Above is the space under discussion. It is, to use the old Sussex dialect term for it, a Twitten, that is, a small passageway between two walls, examples of which can still be found in some English towns. It is owned by Stagecoach, the nation-wide coaching company, and, as you can see, above,  one end of the Twitten is accessed through their property, the local Stagecoach bus station. The other end of the Twitten leads to Library Place, where the circulating library that Jane Austen used in Worthing was situated.  It is highly probable that she used this Twitten to visit it, as Stanford Cottage can be accessed via this Twitten and the station, and it is , in  fact, a short cut.

This has been the subject of much dispute, and a planning meeting is to be held at the end of  March to discuss it.

As Janet Clarke has told me recently,  the Twitten

would have been a delightful short cut from her (Jane Austen’s-jfw)  residence, in the autumn of 1805, through open land to the seafront and circulating library. It is wonderful for visitors today, to walk in Jane’s footsteps , especially as Stanford Cottage and part of the circulating library are still standing ( the pathway directly links the two as it has done for over 200 years ). Permanently stopping up the pathway would be very detrimental to the Jane Austen trail in Worthing, damaging our heritage and tourism, and diminishing the overall appreciation of Jane Austen’s Worthing for present and future generations.

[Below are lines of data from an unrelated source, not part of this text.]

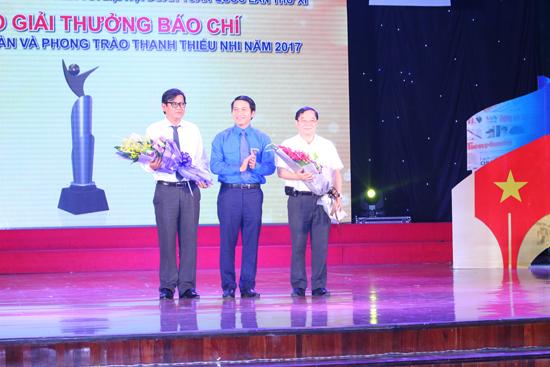 TAI TRO BAO CHI (1).jpg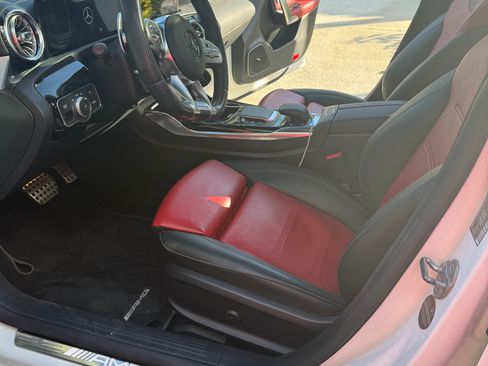 Used 2021 Mercedes-Benz CLA 35 AMG 4MATIC image 23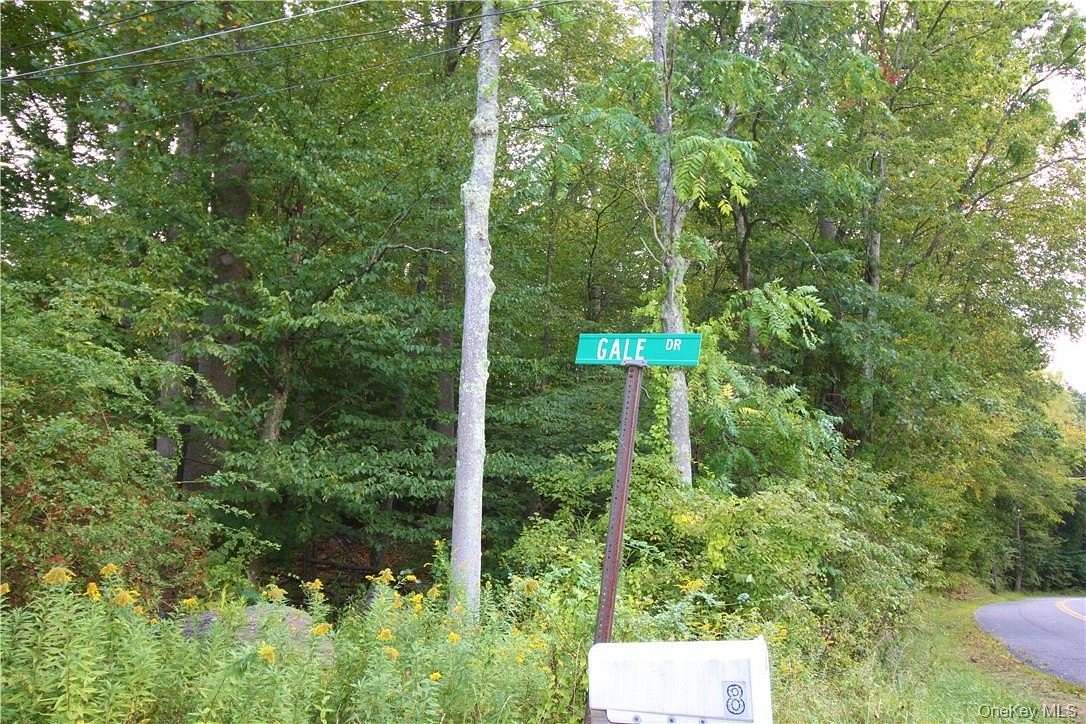 4.85 Acres of Residential Land for Sale in Mahopac, New York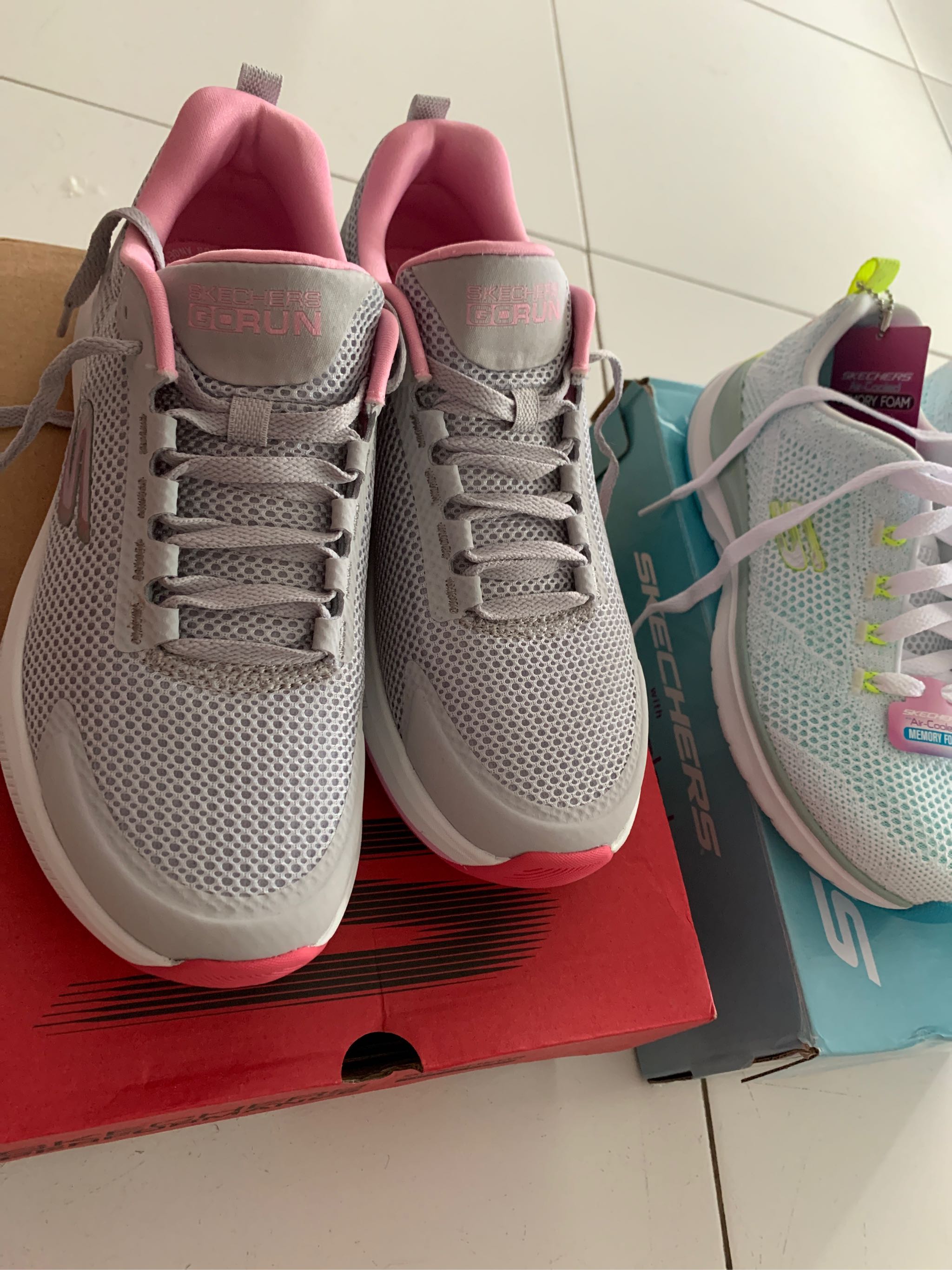 skechers 128077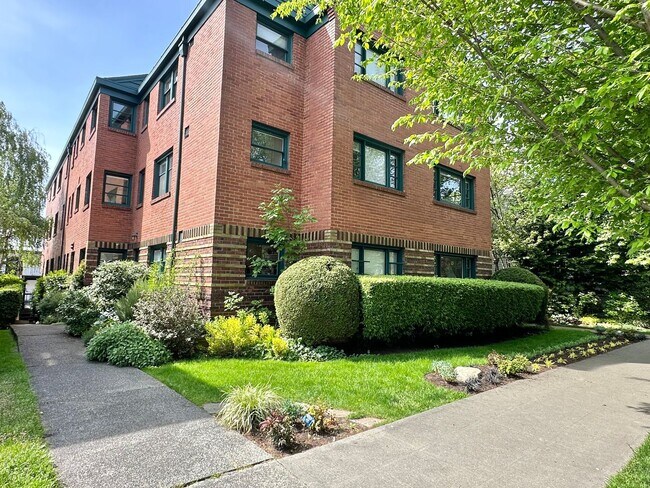 Building Photo - Charming 1 bed condo in desired Eastlake! ...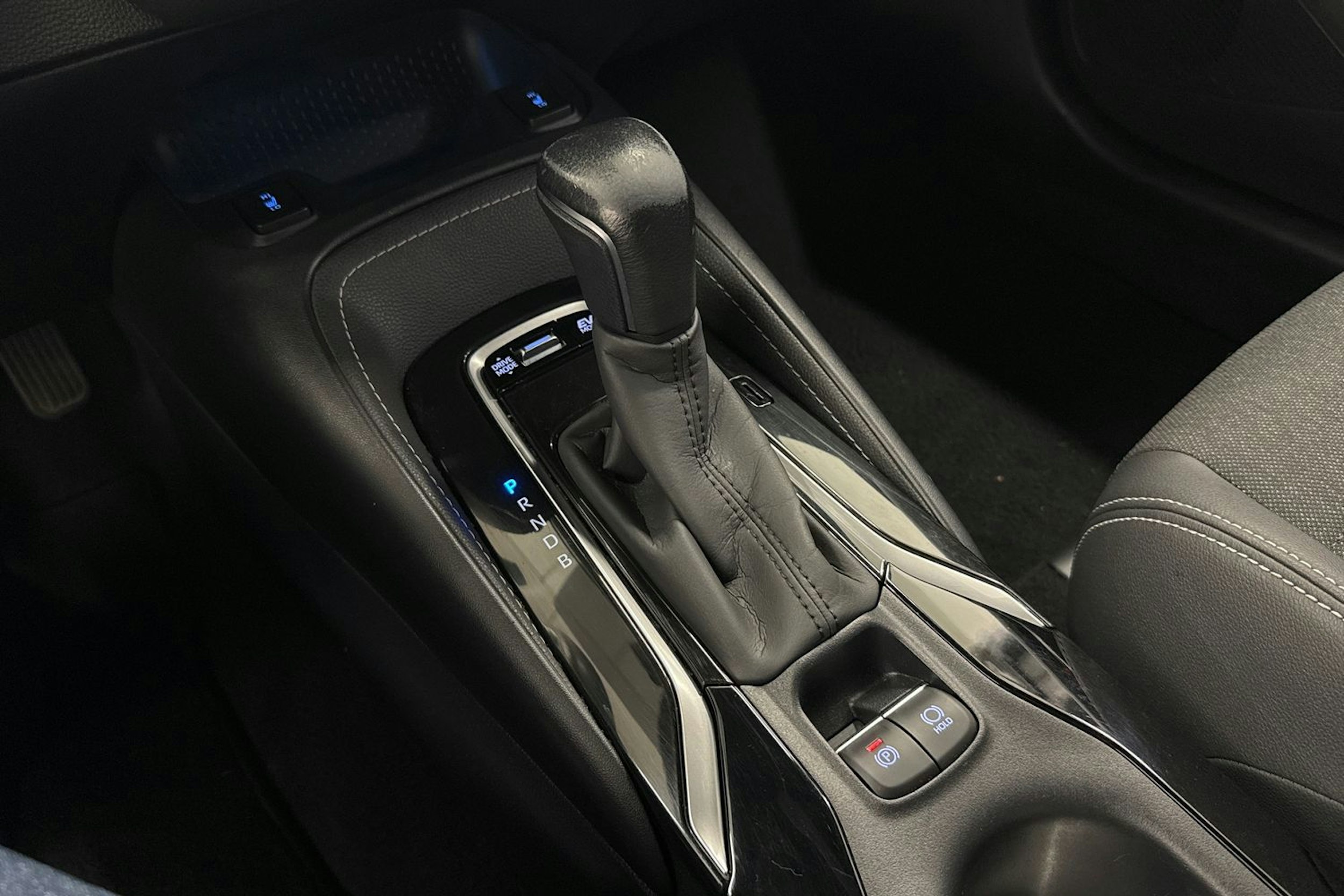 musta Toyota Corolla 2022 kuva 18.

I really do think that losing any part of our Austen heritage, however small, is just unthinkable. At a time when new discoveries about Jane Austen-related buildings are being made  -see the Steventon rectory project-  why on earth would a local council want to  stop public access to a charming relic of Worthing that Jane Austen would have known and used ? And I would have thought that in these difficult financial times that any direct link to our greatest novelist should be preserved for the public to use and to attract tourism to the town. We are, after all, only five years from the bicentenary of her death in 1817, and interest in all things Jane has never been higher.

I am appalled to be frank, and am considering my response to the council. What do you think about this?